A legal grudge match over the sale of a newspaper group has been resolved.
On one side is David Phillips, the former owner of six small-town newspapers in southeast Minnesota. On the other side: Jason Sethre, owner and publisher of the Fillmore County Journal, who bought and closed those newspapers in 2020.
Sethre felt Phillips acted in bad faith and violated the terms of the sale when Phillips gave an old computer to a former employee, who used its files to start her own competing newspaper in Chatfield. So Sethre decided in 2021 not to pay Phillips the $78,000 Phillips was owed as part of the sale for a three-year consulting gig.
Phillips lawyered up and sued Sethre; the two have battled it out in court ever since.
That battle ended last week when a Fillmore County judge sided with Phillips, saying Sethre owed the money stipulated in the agreement.
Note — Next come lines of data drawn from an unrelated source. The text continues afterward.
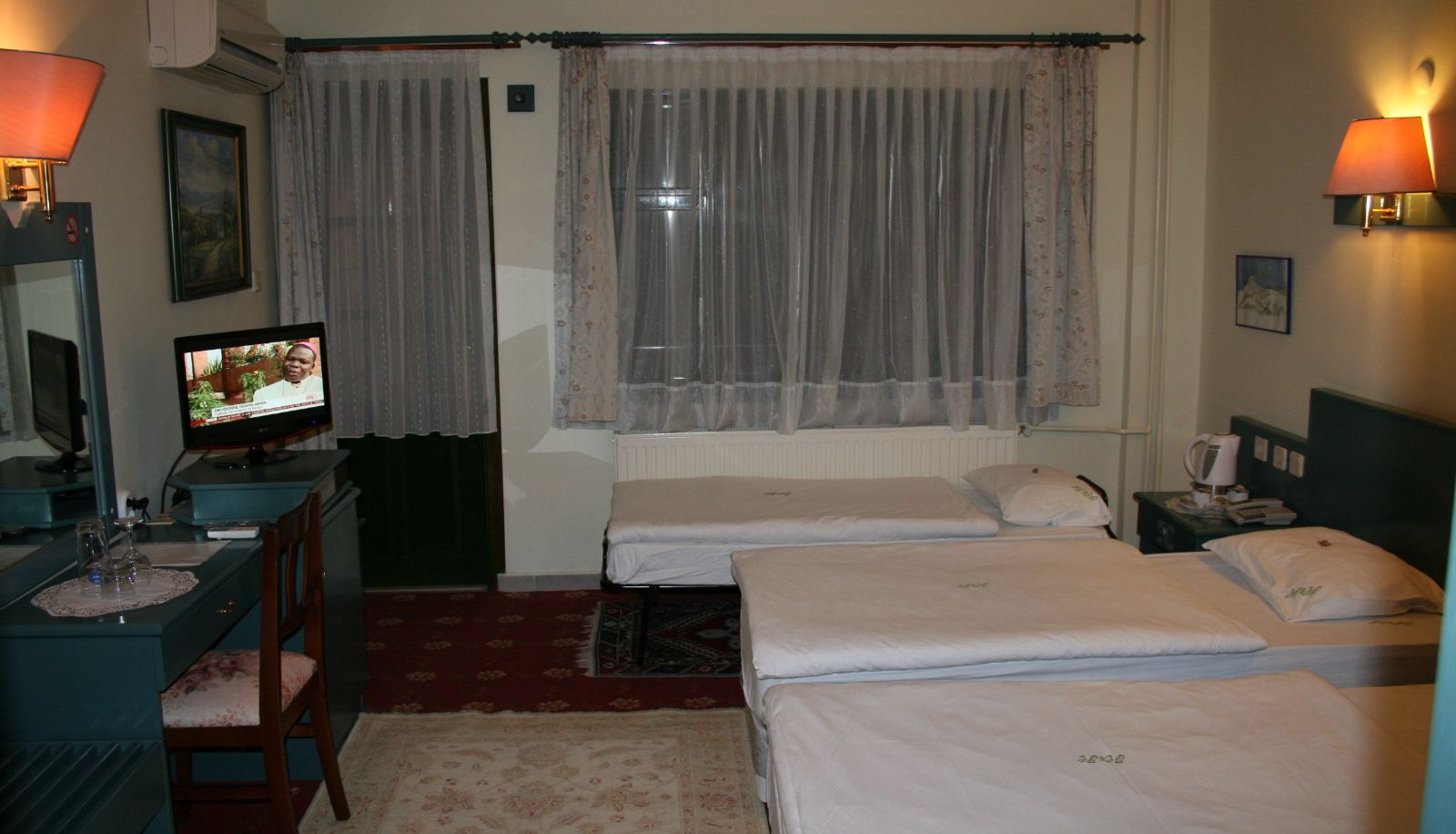 Chambre triple - Hal-Tur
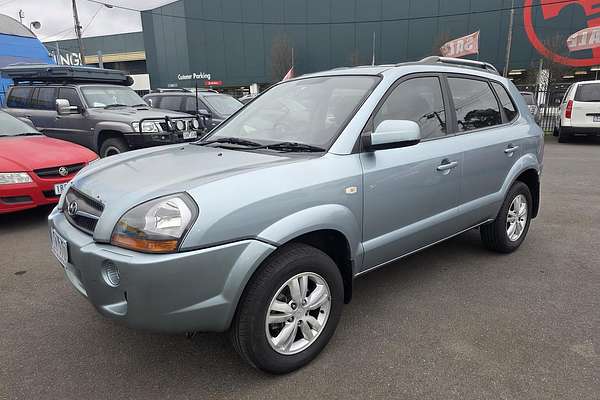 2009 Hyundai Tucson City SX JM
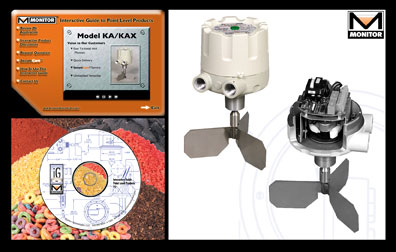 Rotary Paddle Bin Level Indicator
“(Sethre) is asking the Court to find that the covenants to not compete covered conduct they were not written to cover, which is not something the Court can do,” Fillmore County District Judge Jeremy Clinefelter wrote in his Feb. 13 decision.
Clinefelter wrote that Phillips likely violated the spirit of his deal with Sethre when he gave a nearly two-decades-old computer to Pam Bluhm, who worked at the former Chatfield News for nearly 40 years.
Phillips says he didn’t know it at the time, but that computer contained more than Bluhm’s old notes for stories. It had subscriber lists, and the software necessary to make and ship out a newspaper to a third-party printer and distributor. Bluhm used those files to start up the Chatfield News Co., printing a new paper and keeping a similar name as her former employer.